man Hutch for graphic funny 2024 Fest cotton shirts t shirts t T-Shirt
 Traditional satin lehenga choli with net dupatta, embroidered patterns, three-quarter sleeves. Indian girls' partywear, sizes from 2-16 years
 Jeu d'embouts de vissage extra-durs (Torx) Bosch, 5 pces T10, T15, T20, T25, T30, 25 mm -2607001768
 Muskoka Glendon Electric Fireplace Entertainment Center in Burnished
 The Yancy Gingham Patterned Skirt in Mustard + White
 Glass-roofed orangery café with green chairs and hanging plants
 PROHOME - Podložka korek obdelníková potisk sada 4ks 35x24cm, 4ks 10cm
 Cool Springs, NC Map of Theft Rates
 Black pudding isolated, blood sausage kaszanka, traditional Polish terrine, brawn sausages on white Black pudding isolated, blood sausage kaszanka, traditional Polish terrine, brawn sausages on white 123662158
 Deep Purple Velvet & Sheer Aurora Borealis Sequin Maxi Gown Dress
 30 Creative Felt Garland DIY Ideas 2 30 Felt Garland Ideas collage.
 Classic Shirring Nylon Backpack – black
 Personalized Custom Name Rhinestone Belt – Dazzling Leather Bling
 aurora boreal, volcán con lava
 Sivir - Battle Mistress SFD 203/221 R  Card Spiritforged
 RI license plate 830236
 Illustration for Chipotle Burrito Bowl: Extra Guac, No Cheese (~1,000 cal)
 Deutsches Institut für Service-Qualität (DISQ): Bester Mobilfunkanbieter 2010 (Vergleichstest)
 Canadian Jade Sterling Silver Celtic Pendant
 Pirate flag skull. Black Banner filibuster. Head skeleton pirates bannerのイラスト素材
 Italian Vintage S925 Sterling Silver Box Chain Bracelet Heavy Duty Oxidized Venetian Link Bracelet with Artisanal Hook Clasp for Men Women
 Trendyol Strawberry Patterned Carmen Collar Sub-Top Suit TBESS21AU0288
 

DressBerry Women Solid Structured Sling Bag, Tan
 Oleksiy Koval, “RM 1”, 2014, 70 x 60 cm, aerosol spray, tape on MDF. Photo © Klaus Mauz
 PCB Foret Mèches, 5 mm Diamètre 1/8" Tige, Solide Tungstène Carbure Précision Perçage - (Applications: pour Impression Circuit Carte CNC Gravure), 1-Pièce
━━━━━━━━━━━━━━━━━━━━
*Directions*
Going through the entries, return every line holding the word "Sterling".

*Your solution*
 Canadian Jade Sterling Silver Celtic Pendant
 Italian Vintage S925 Sterling Silver Box Chain Bracelet Heavy Duty Oxidized Venetian Link Bracelet with Artisanal Hook Clasp for Men Women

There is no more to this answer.